Adana, doğal ve yapay eşiklerle çeyrek parçalara ayrılmış bir kent. Seyhan Nehri ile Doğu ve Batı yakası olarak, kenti Mersin'e bağlayan D400 karayolu ile de Kuzey ve Güney olmak üzere okunaklı bir bölünmeye sahip. Üstelik bu bölünme sadece coğrafi ya da işlevsel bir ayrışma değil; bu durum, demografik yapısı son yıllarda giderek çeşitlenen kentin sosyal, kültürel ve politik aidiyetlerle bölünmesiyle de çakışmakta. Bu tanıma göre batı, Güneybatı bölgesindeki Eski Adana hala bir çekim noktası olarak olası potansiyel kentsel kaynaşma ve temas noktalarını barındırırken, Yeni Adana ise başlangıcından bu yana eleştiriler alarak sıfırdan hızla kurulan bir kent parçası.

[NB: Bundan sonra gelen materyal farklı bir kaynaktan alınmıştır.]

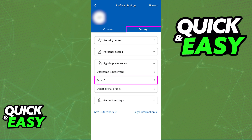Inside of the settings, under your sign in preferences, you will be able to find the Face ID option. So go to your profile and settings, select settings and then Face ID under sign in preferences.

Bu doğrultuda, dört yakasını bir araya getirmeyi hayal eden Adana'da "eski" ve "yeni" her iki anlamda tartışılacak. “Kentin yerleşik nüfusu ile yeni gelenlerin teması, eski kent dokusu ile yeni mimarinin teması ne şekilde gerçekleşiyor?”, “Adana’nın farklı parçaları kentte nerelerde birbirilerine temas ediyor?”, “İnsanların birbirine temas etmesi için ne tür kentsel mekanlar tasarlamak gerekiyor?”, “Kent merkezini yeniden kazanmak adına ne tür kentsel akupunkturlara ihtiyaç var?”, “Eski ve yeni kent parçalarının, mimarlığın buluşma ve kaynaşması nasıl gerçekleşebilir?” gibi sorular, konuşmacılar ve katılımcılar ile enine boyuna masaya yatırılacak.